When I arrive in Bulgaria I am lucky enough to find a cash machine in a small village and withdraw what feels like my lifeblood. I find a tiny but essentially stocked village shop and sit drinking coffee and eating something akin to bird food, unsure if muesli is an acceptable meal in this new place. People mill about the shop smiling and saying ‘dobre’, the Slavic word for good. I am clearly something of an anomaly, donned in helmet and luminous jacket, salt crusted on my forehead where the sweat has dried. The shop owner, a lady used to laughing, approaches and calmly wraps a red and white string bracelet over my wrist, ‘Baba Marta’ is a sweet tradition. On the 1st of March the locals wrap the same coloured bracelets around the wrists of friends and strangers, marking the birth of spring. If you’re to see a stork with a red beak you must wrap this bracelet round a tree branch and at times these wooden arms standing in the city parks have thousands of red and white bracelets racked upon them.

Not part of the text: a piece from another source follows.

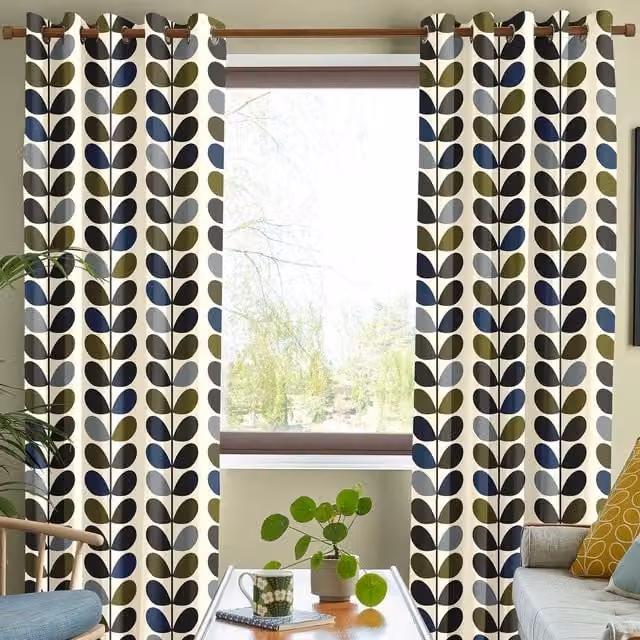 Orla Kiely Multi Stem Made to Measure Blackout Cotton Eyelet Curtains in Moss Green and Multicolour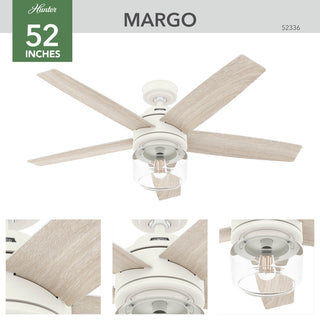 Hunter 52" Margo Textured White Ceiling Fan, LED Light Kit and Handheld Remote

As I cross from Romania to Serbia to Bulgaria I have little currency and as a result eat only a handful of peanuts. I trawl along, watching donkeys overtake me and finally make the Bulgarian border. An experience which has become a staple of the trip: standing in the rain while the border guards ask where I’m headed. China. The double takes, the laughter, the look of smiled surprise from a passing lorry driver. I am used to this now, joke with them and ask what the next word for thank you is: Takk, Danke, Děkuji, D’akujem, Köszönöm, Mulțumesc, Hvala, Blagodarya. A new language and alphabet, a new face on the bank notes, new features among the people and a new set of roads to work out which will kill you.